Federal Law 13,303/2016 grants state-owned enterprises more leeway to enter into contractual relationships regardless of a public tender. These entities are allowed to freely choose their business partners 'when such choice results from [the partner's] particular features, is connected to defined and specific business opportunities, and [the SOE] duly justifies why it would not be feasible to promote a competitive procedure [in the case at hand]'.8 This provision's proper scope of application, though, is still under discussion – as an abuse of this prerogative could easily undermine the very purposes for which Federal Law 13,303/2016 was enacted.
The transference of the contract to third parties is only accepted when the RFP and the contract itself expressly allows so, and usually it is subject to the prior consent of the public entity, who will check if the new party meets the requirements of the RFP and the contracts. Therefore, any merger, spin-off, partial or total subcontracting, association with other company, total or partial assignment or transfer of the contractual object that is not previously authorised in the RFP or the contract can lead to its termination, according to Brazilian law.

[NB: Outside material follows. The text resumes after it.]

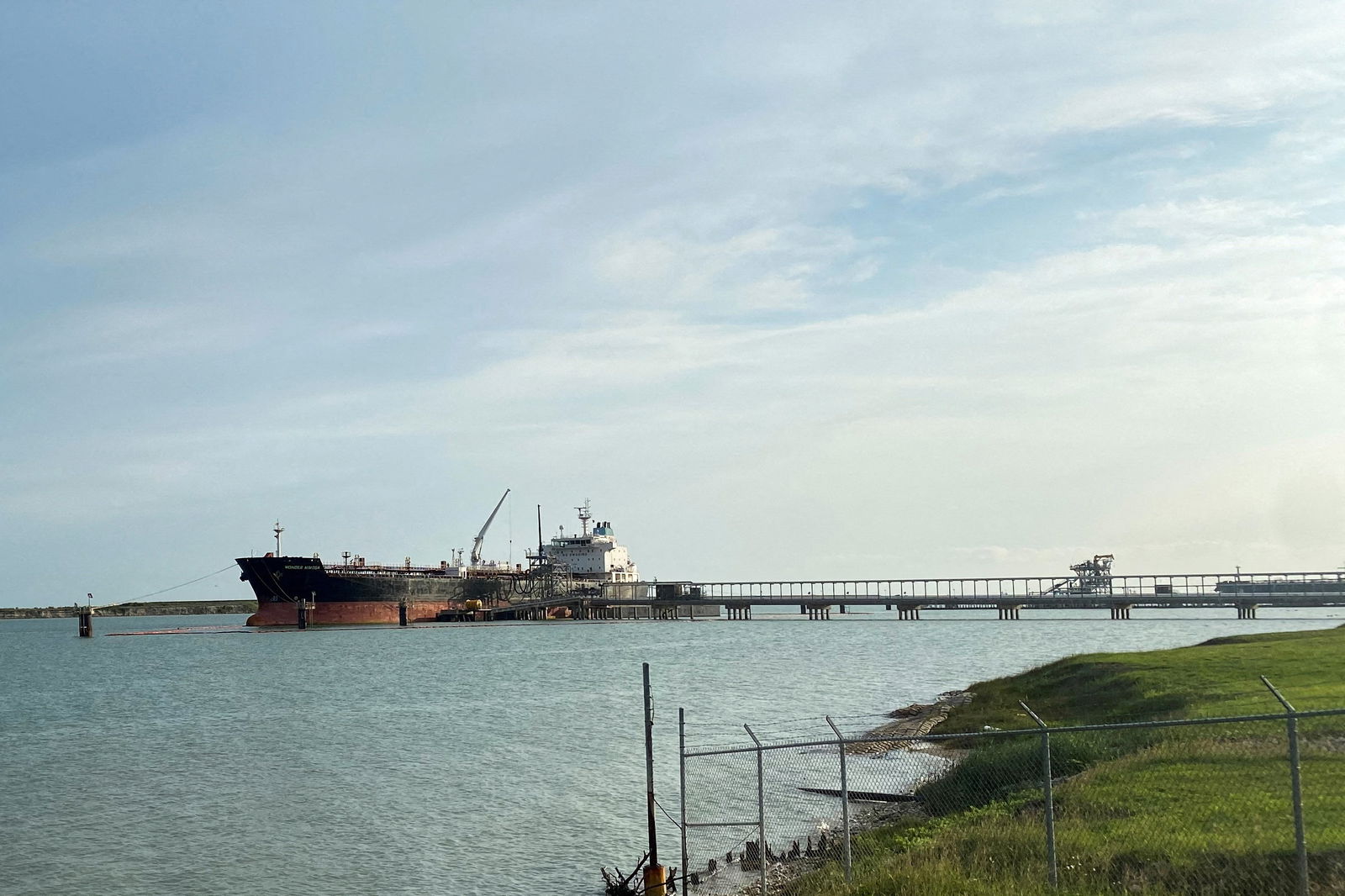 FILE PHOTO: A tanker is seen docked at Ingleside near Corpus Christi, Texas, U.S., May 14, 2023. 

IV SPECIAL CONTRACTUAL FORMS
i Framework agreements and central purchasing
Central purchasing is still a relatively new concept in Brazil and has only been implemented in a few contexts. For example, aside from other state-level initiatives, in 2014 a Central Purchasing Department was created under the Ministry of Planning for common purchases at the federal level, but its activities have so far been limited.

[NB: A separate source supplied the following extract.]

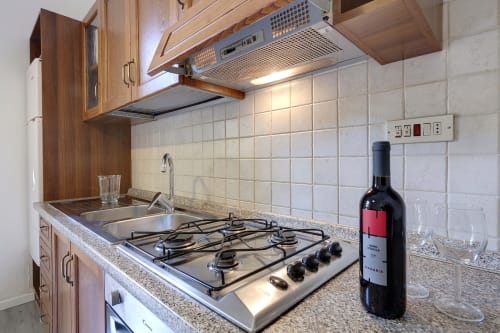 Modern kitchen with gas stove, granite countertop, and white tile backsplash in Florence apartment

A more widely used framework relevant to common purchases is the reverse auction and, especially, its electronic version. These procedures were created in 2002 and 2005 and have been paramount ever since. Among the reasons for their large acceptance was the possibility to use the Portal de Compras Governamentais (ComprasNet) online system, and the inversion of phases so that only the winning bidder would have its qualification documents analysed. The use of this online system is not mandatory, but many bidding authorities have preferred it for its agility and convenience.
Furthermore, when using such online system, providers file their common qualification evidence (legal and tax regularities and financial-economic requirements) within the Unified System for the Registry of Providers (SICAF), dispensing them to supply the same documentation again in each new bid. Bidding authorities at the federal level are obliged to previously consult SICAF before purchasing common goods and services. Besides SICAF, other bodies and entities can maintain complementary supplier registries, such as, for example, the CADTEC within the Ministry of Defence.
ii Joint ventures
When allowed by the RFP, a group of bidders can participate jointly in a bid. The common structure required for this participation is the consortium or the commitment to create a consortium, and if the group of bidders win, they are required to either create a special purpose company (SPE) or a consortium before signing the public contract.
The bidders are bound by the rules on public contracts since they provide a bid bond or offer a proposal to a given item of the RFP, and penalties can apply if they refuse to participate in the bid after such actions. The consortium can provide jointly the technical qualification documents, and must maintain pro rata the minimum net worth required in the RFP (which can be up to 30 per cent higher for consortia). Further specific rules applying to the SPE or the consortium are set out in each RFP, including provisions about subcontracting with a consortium member.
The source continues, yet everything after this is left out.